The House interview with Rinat Akhmetshin is scheduled for next week, and Sessions' interview is planned for Nov. 30, according to one of the sources. Dates for witnesses have often been pushed later.
Congressional investigators are probing the June 2016 meeting in Trump Tower with Donald Trump Jr, as is special counsel Robert Mueller. Akhmetshin already has been interviewed by the Senate intelligence panel, according to a person familiar with that interview.
All of those disclosing the interviews spoke on condition of anonymity because the meetings are not publicly announced.
The interviews come as the House panel has ramped up its schedule in its investigation into Russian interference in the 2016 election — sometimes holding two-hour interviews in one day. Some Republicans have expressed interest in wrapping up the probe by the end of the year, though it likely will spill into 2018.
Lawmakers have been interested in Sessions' knowledge about interactions between Trump campaign aides and Russians. Sessions did not attend the Trump tower meeting.
Sessions recused himself from overseeing an investigation into the Trump campaign in March after acknowledging two previously undisclosed conversations with former Russian ambassador Sergey Kislyak during the campaign. Since then, he has downplayed his own knowledge about communications between campaign aides and Russian officials and intermediaries. But former Trump campaign foreign policy adviser Carter Page testified last week that he alerted Sessions of a trip he was taking to Moscow last summer.
Sessions testified publicly before the Senate intelligence committee earlier this year. At that hearing, Sessions called any implication that he colluded with Russians a "detestable lie."
Akhmetshin's testimony is part of an effort by both the House and Senate intelligence panels to talk to all of those who attended the Trump Tower meeting. In emails ahead of the meeting, Trump Jr. enthusiastically agreed to the sit-down with Russian lawyer Natalia Veselnitskaya and others after he was promised dirt on his father's rival, Democrat Hillary Clinton. He has since denied such material ever materialized.
Akhmetshin is a former military officer who has attracted congressional scrutiny over his political activities and has been shadowed by allegations of connections to Russian intelligence.

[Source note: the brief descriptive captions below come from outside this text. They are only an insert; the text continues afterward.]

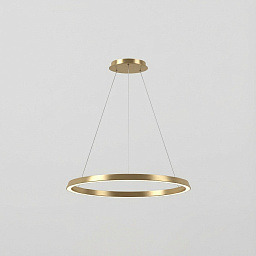 CS5K-00V9AZOUEF Leds C4 Circular Подвесной светильник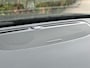 Volvo V60 2.0 T8 Plug-in hybrid AWD Plus Dark | Panoramadak | 360 camera | Stoel/Stuur Verwarming | Harman/Kardon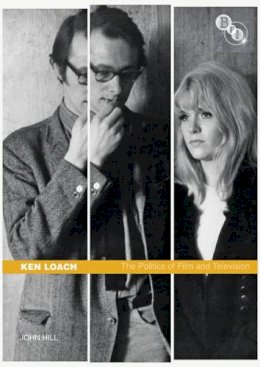 Na Na - Ken Loach: The Politics of Film and Television - 9781844572021 - V9781844572021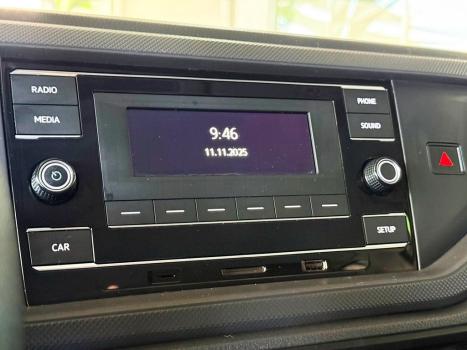 VOLKSWAGEN Polo Hatch 1.0 4P MPI TRACK, Foto 10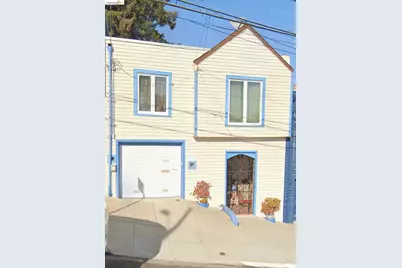220 Olmstead, San Francisco, CA 94134 - Photo 1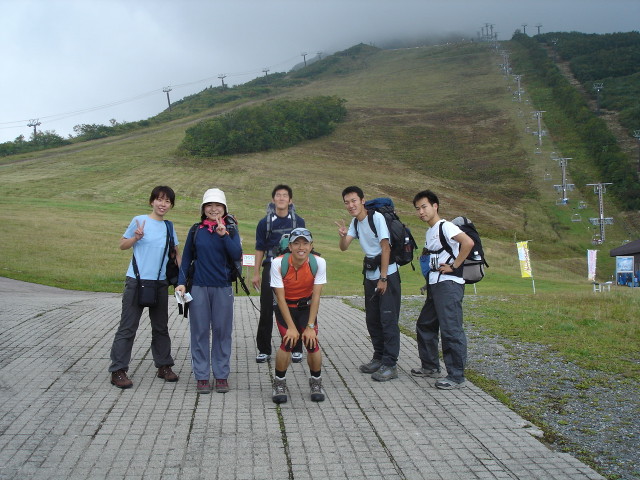 img0008.jpg
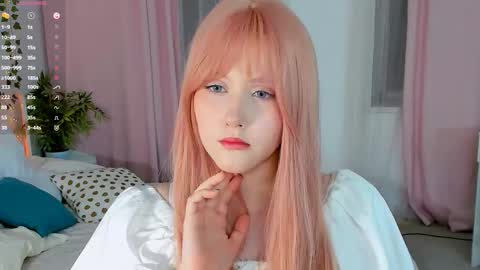 Delilah or Laila online show from September 13, 9:14 pm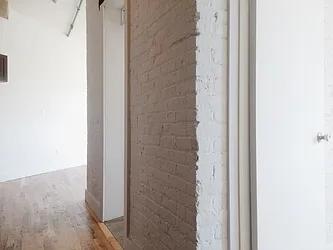 Rented by In Haus LLC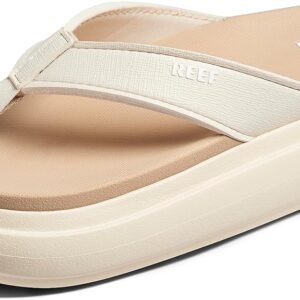 REEF CHANCLA MUJER CUSHION BONDI VINTAGE/OASIS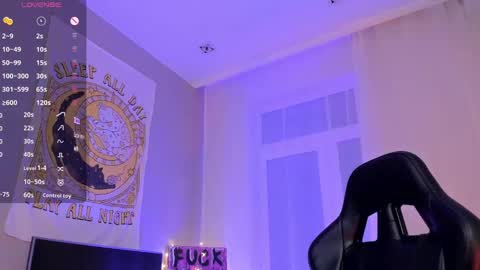 Snapshot of koza_dereza_ chatting on January 2025 10:21:01 PM Jess online show from January 2025 10:21:01 PM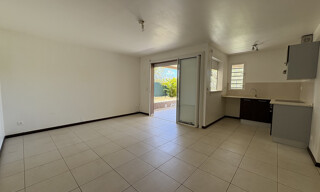 Appartement 3 Pièces 58 m² à vendre à Le Gosier (97190)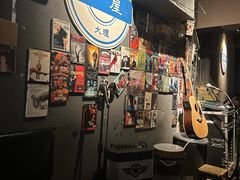 -大冰的小屋(大理古城店)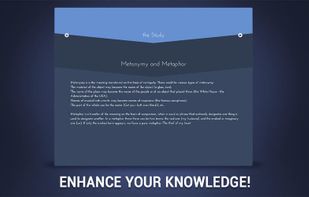 English Study Daily Prof screenshot 1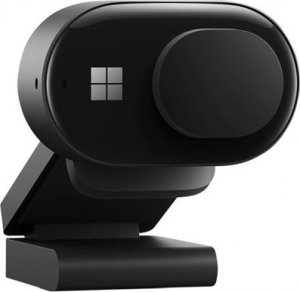 Kamera internetowa Microsoft Modern Webcam for Business (8L5-00002) 1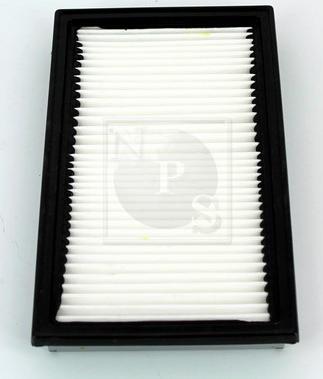 NPS S132U06 - Engine Air Filter car-mod.net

The House panel last week interviewed Ike Kaveladze, also known as Irakly Kaveladze, who was also at the meeting as a representative of a Russian developer who once partnered with Trump to bring the Miss Universe pageant to Moscow.

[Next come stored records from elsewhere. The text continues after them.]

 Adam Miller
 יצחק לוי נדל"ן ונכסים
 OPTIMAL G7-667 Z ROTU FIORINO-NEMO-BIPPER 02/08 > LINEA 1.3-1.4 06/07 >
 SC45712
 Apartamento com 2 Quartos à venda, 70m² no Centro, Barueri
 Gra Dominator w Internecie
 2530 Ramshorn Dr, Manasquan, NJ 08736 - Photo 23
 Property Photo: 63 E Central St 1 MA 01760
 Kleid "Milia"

Trump's son-in-law, Jared Kushner, and his then-campaign chairman, Paul Manafort, were also in the meeting. Kushner met with both intelligence panels privately this summer and Manafort met with the Senate panel. Trump Jr. had a private interview with the Senate Judiciary Committee in September, but hasn't met with the intelligence committees.

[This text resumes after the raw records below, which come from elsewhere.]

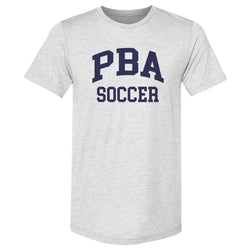 Crown Trio PBA Soccer (ONLINE ORDER ONLY)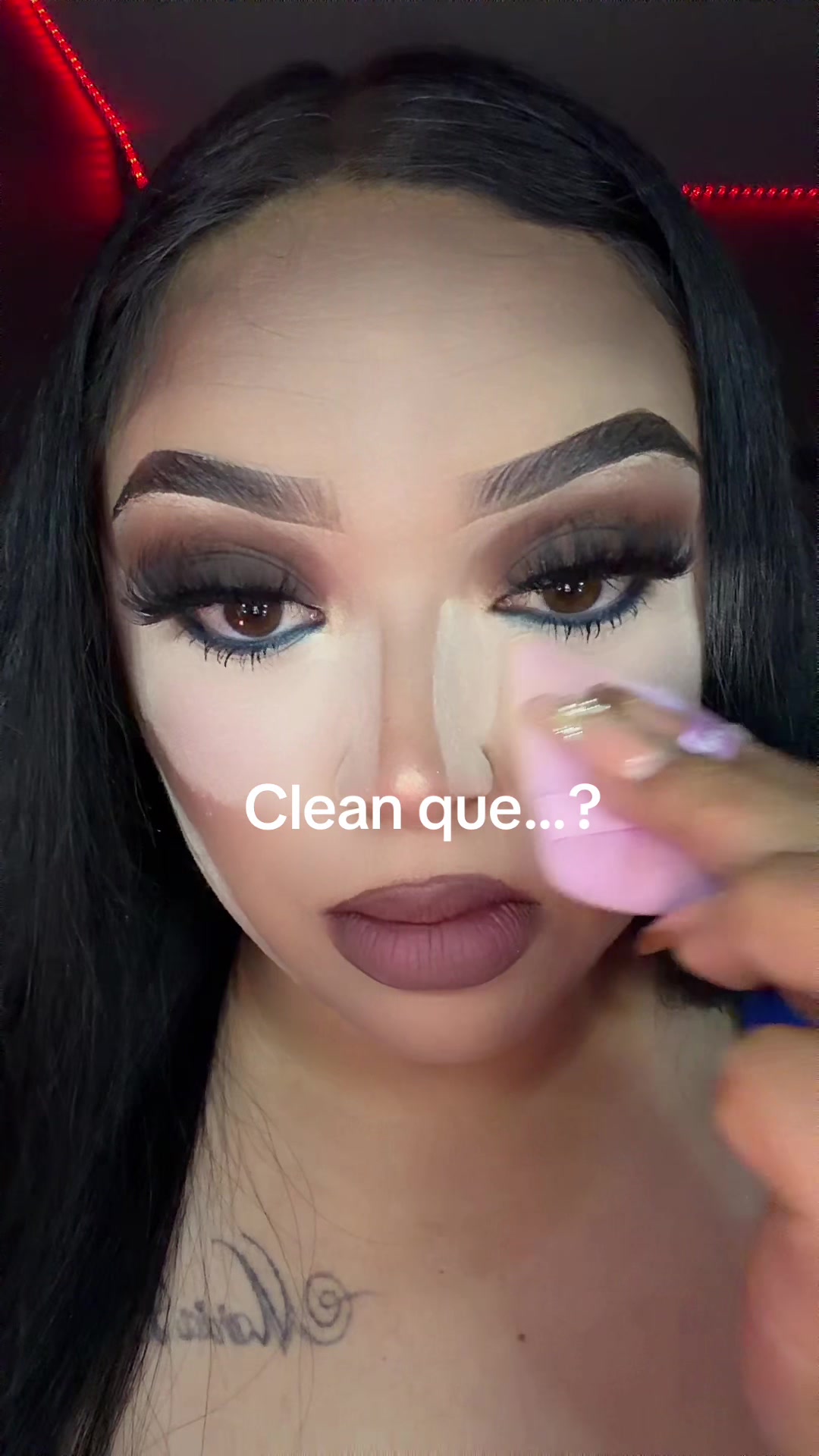 @Vanessa 🌸💗✨
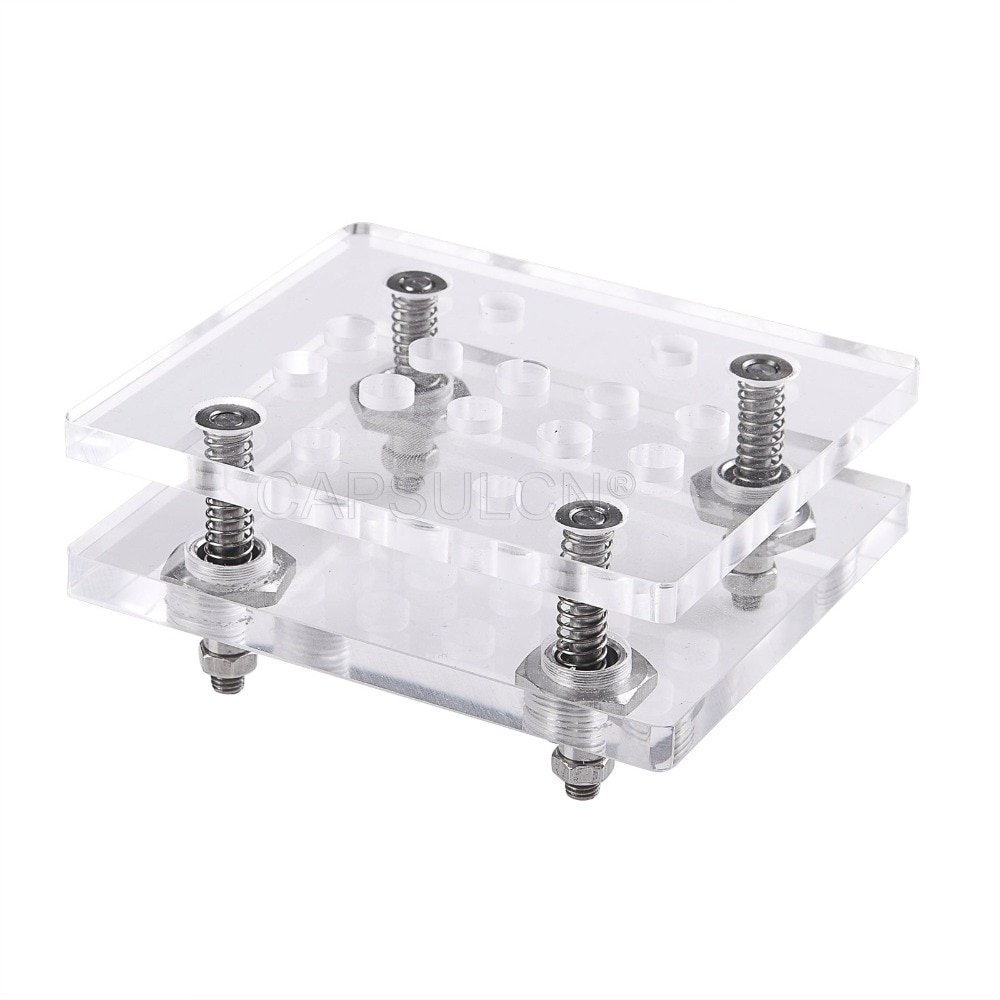 New-hight-quality-10-capsules-time-Size-000-5-capsule-filler-encapsulator-machine-suitable-for-the-5.jpg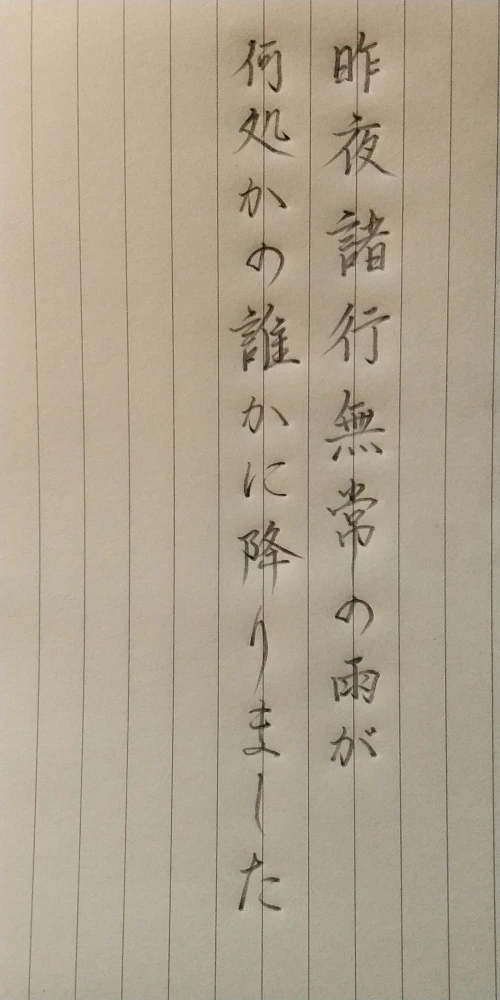 momo.moe's submission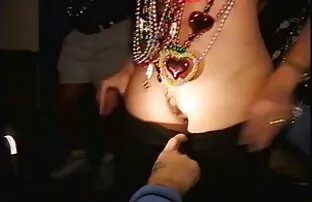 latina aceitada porno en idioma español latino es follada y semen en la cara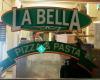 La Bella Pizza & Pasta Whangarei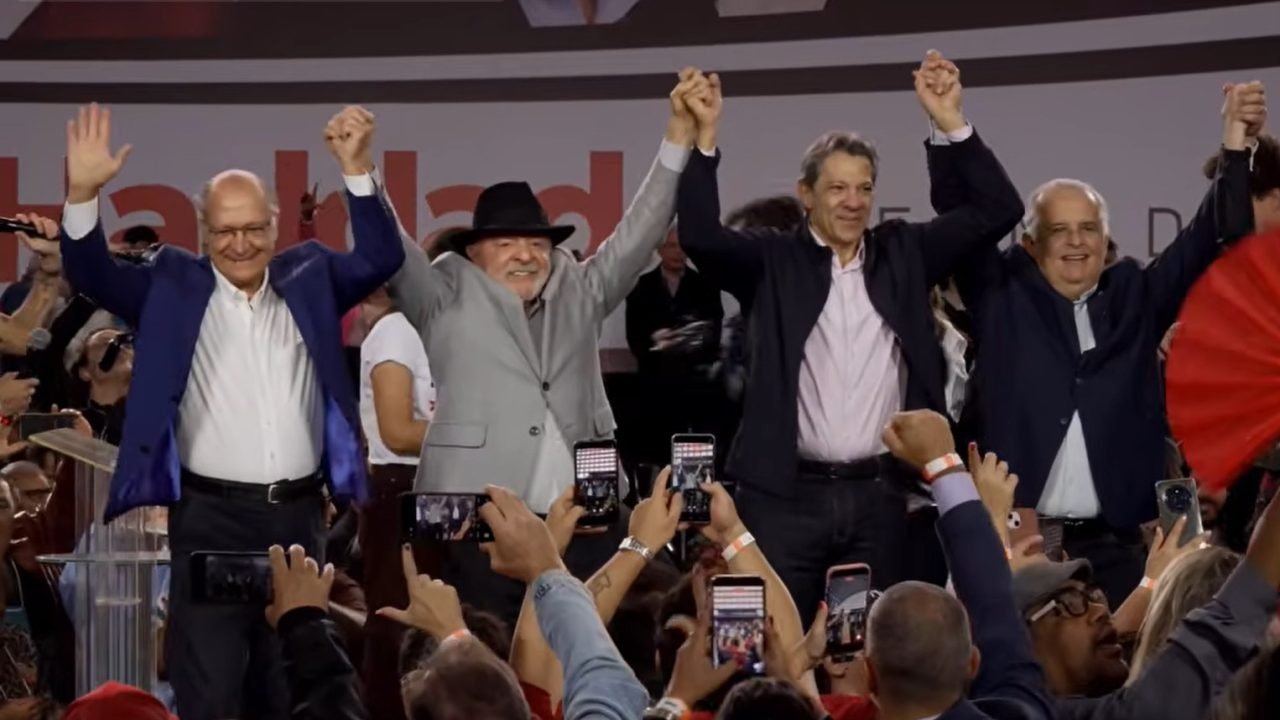 convencao-haddad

North Carolina Sen. Richard Burr, the Republican chairman of the Senate intelligence committee, has said that he wants to wait to interview Trump Jr. until after committee staff has interviewed other participants in the meeting. Asked this week if the committee has interviewed all of those other people, Burr said, "I think all but one."
Also attending the Trump Tower meeting were publicist Rob Goldstone, who set it up with the promise of dirt on Clinton, and a translator.
Also next week, the House intelligence panel will interview Glenn Simpson, a co-founder of a political research firm behind a dossier of allegations about President Donald Trump's connections to Russia. Simpson struck a deal with the committee this week to testify after initially balking.